No caso do Hospital da Divina Providência da Misericórdia de Vila Real, torna-se evidente que, dada a sua fundação tardia, em 1796, a importância dos foros nas receitas não se coloca. Em 1859, o fundo permanente deste Hospital atingia os 97,8 contos de réis, sendo a receita de 5 contos de réis, dos quais 98% eram provenientes de juros.
Com a Primeira República, na sequência da lei da separação do Estado e da Igreja, de 20 de Abril de 1911, as misericórdias tiveram que reduzir as despesas de culto até à terça parte dos seus rendimentos, estabelecendo-se ainda que os encargos pios teriam uma duração máxima de 30 anos. Mas a situação financeira das Santas Casas agravou-se durante a Primeira República (1910-1926). A esta situação aflitiva veio acorrer o Estado Novo, concedendo-lhes "ampla autonomia e sem qualquer intervenção do Estado", levantando restrições à conservação e aquisição de bens imóveis e apoiando financeiramente as misericórdias que mantinham hospitais, concedendo-lhes subsídios avultados, como aconteceu, em 1928, com a Misericórdia de Vila Real, que recebeu 115 contos de réis, verba indispensável para a Casa equilibrar as suas finanças.
As dificuldades financeiras regressaram com a Segunda Guerra Mundial e anos seguintes, levando estas instituições à angariação de fundos, nomeadamente com os cortejos de oferendas, que se prolongaram até finais da década de 1960. A Misericórdia de Vila Real não ficou imune a este movimento, tanto mais que, como revelam várias vezes as suas Comissões Administrativas, as receitas eram "totalmente absorvidas pelos encargos que sobre ela pesam", já que a Instituição passou a ser responsável por outras valências que o Estado, directa ou indirectamente, lhe confiou.

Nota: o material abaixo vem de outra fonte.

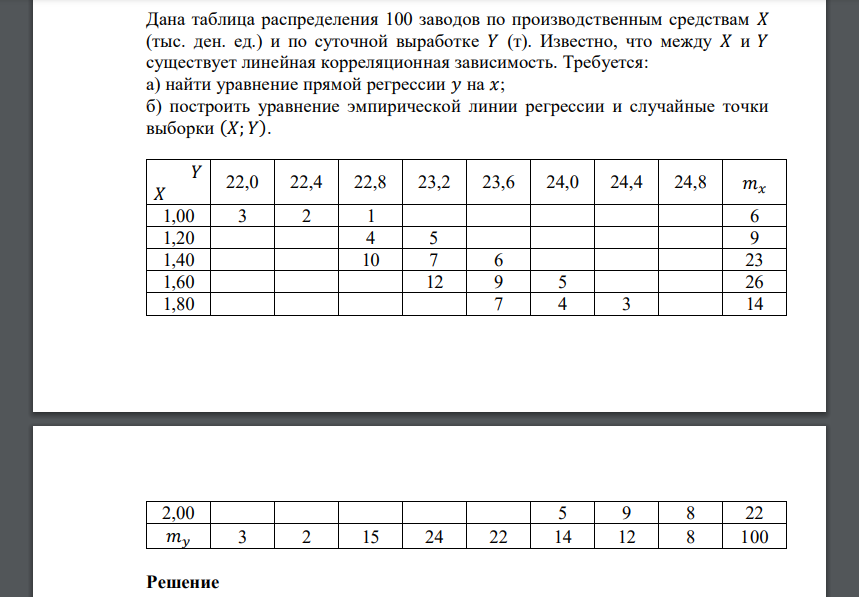 Дана таблица распределения 100 заводов по производственным средствам 𝑋 (тыс. ден. ед.) и по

A partir da década de 1960, a situação económica da Santa Casa de Vila Real melhorou progressivamente. Os subsídios estatais aumentaram, assim como as doações particulares, e de 1968 em diante, o rendimento do produto líquido do Totobola da Misericórdia de Lisboa começou a ser parcialmente transferido para as restantes misericórdias.
Presentemente, as receitas da Misericórdia são constituídas, basicamente, pelas verbas pagas pelo Estado, através da Segurança Social, e que correspondem a 30% da despesa feita com os utentes – idosos ou crianças – que se encontrem nas diversas valências; pela comparticipação dos utentes, que ronda igualmente os 30%; e pelos fundos próprios da Instituição, provenientes dos rendimentos do seu património imóvel, criteriosamente geridos pela Administração da Casa.